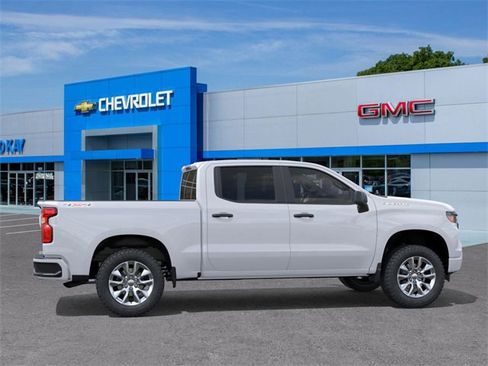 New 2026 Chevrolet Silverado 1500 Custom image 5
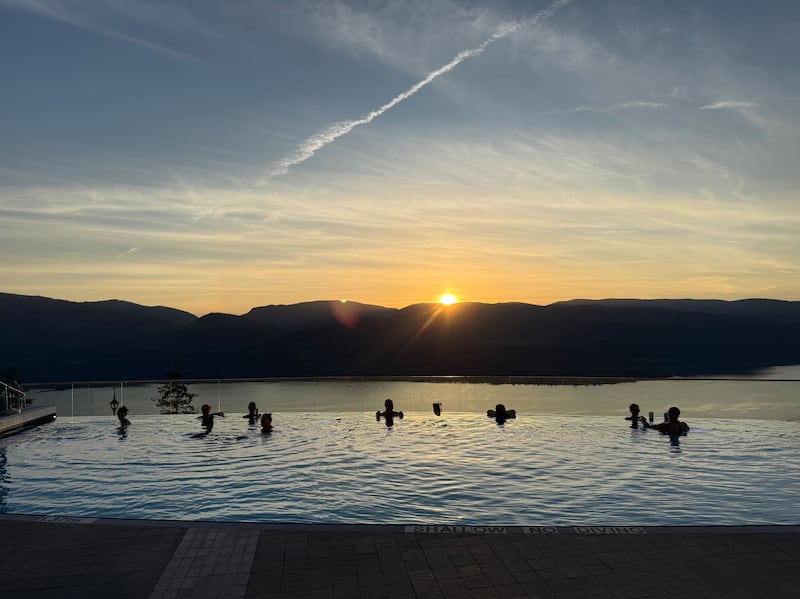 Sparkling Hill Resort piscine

* * *

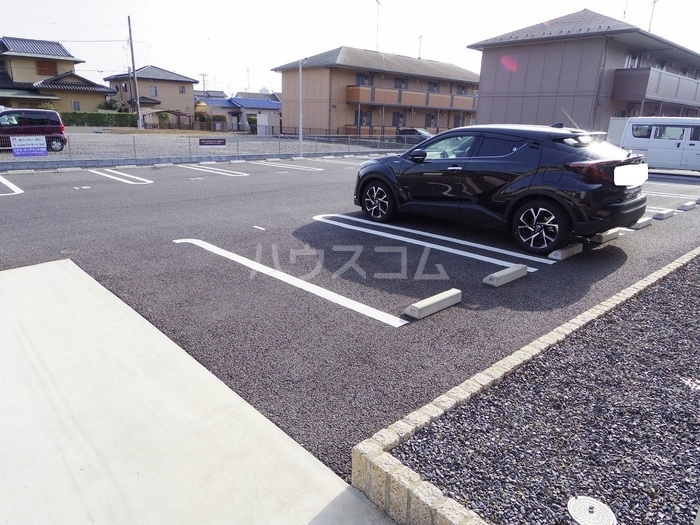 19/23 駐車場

* * *

#### [Task requirements]
Nothing but the lines above from the one that has "New 2026 Chevrolet" down to the one that has "Sparkling Hill Resort piscine" belongs in the answer, copied exactly, without pictures.

#### [Your response]
 New 2026 Chevrolet Silverado 1500 Custom image 5
 Sparkling Hill Resort piscine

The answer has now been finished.